30" tank? I've kept hecqui in such a tank without issues, but I doubt you keep more than one adult male in such a setup.


----------



## 24Tropheus (Jun 21, 2006)

Fogelhund said:


> 30" tank? I've kept hecqui in such a tank without issues, but I doubt you keep more than one adult male in such a setup.

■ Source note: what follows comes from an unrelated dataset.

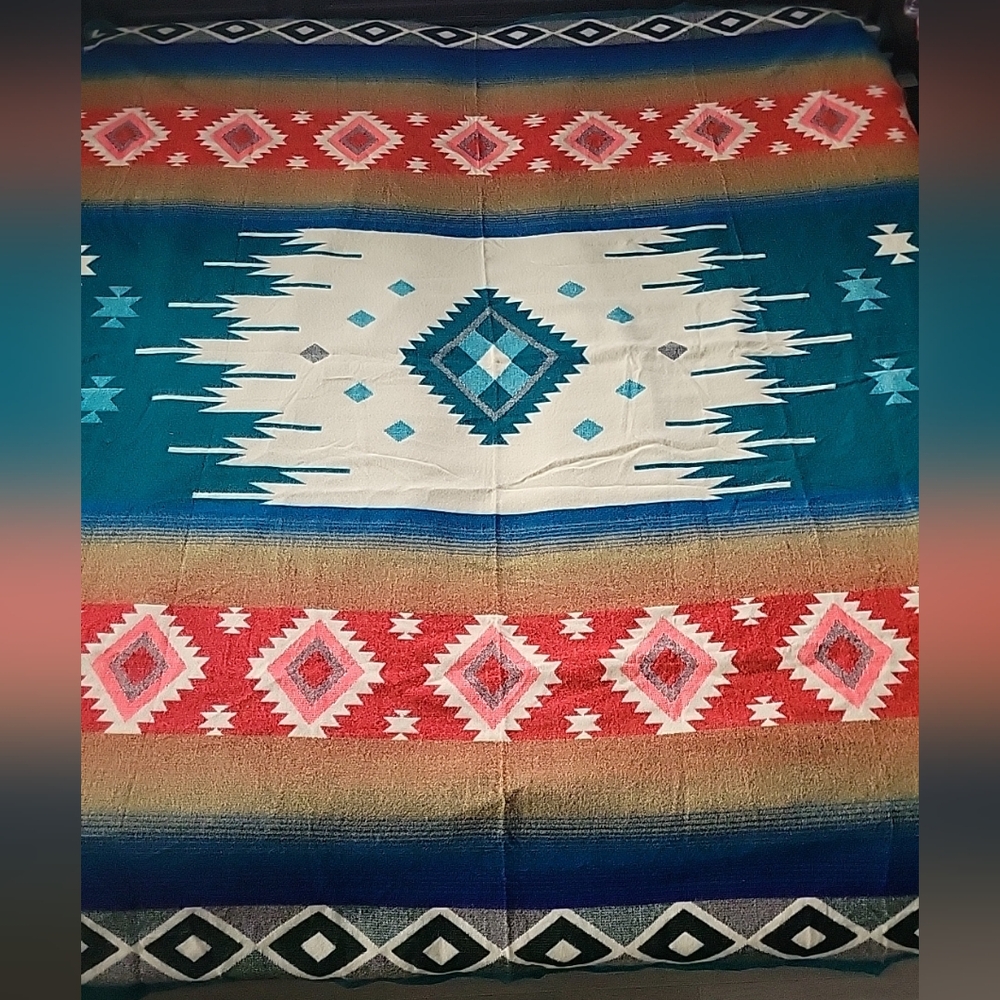 Ecuadorian Handmade Alpaca Blend Blanket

Cichlid folk kind of say once you have kept and bred anyone of L.hecqui, meeli or boulengeri you have kind of done em all. I dunno but kind of expect "Meeli Kipili" to be little different. Fine as pairs down to 29g or maybe smaller but right pains to other cichlids or multie male unless in less than very big tanks.


----------



## Fogelhund (Dec 3, 2002)

I had a breeding pair of hecqui in a 150 gallon with my colony of Champsochromis caeruleus. Believe me, they MORE than held their own. :lol:


----------



## Shaky (Jan 2, 2003)

The reason I ask is that these fish look much more like dwarf attenuatus than hecqui, meeli, or boulengeri. I haven't kept any of these fish, but as they are Lepidiolamps, I will take for granted that they are at least predators, if not downright aggressive. 
If I were to get a few in a 20L, do you suppose they would they kill each other until only one remained, or would a pair form? Heck, maybe they even forms harems. 
There is no available info on this little fish that I can find. I suppose I should extrapolate from literature on the four named species and the genus in general.


----------



## 24Tropheus (Jun 21, 2006)

I guess you could also check out Lepidiolamprologus pleuromaculatus.
They kind of look a lot like those.
All the best James


----------



## tangfish23 (Apr 12, 2003)

I have 4 breeding pairs...i keep 2 pr in a 55 gal with lot's of holey rock ,river rock , cichid cave's and a couple of medium sized murex shells placed on opposite end of tank.......1pr in 30L with two murex shells, holey rock and dither fish and 4th pr 100gal african community tank with river rock and murex shells....mine only spawn in murex shells.....they'll take flake food, pellets but thrive need some "meat" in there diet....feeder guppie's are ok if u raise them yourself but i use silversides chopped up to approriate size....once they start spawning they'll produce fry every six weeks...u can let different batches grow up together but once they reach 1/2" the larger fry will start picking off smaller siblings....hope this helps..


----------



## Shaky (Jan 2, 2003)

Thanks!


----------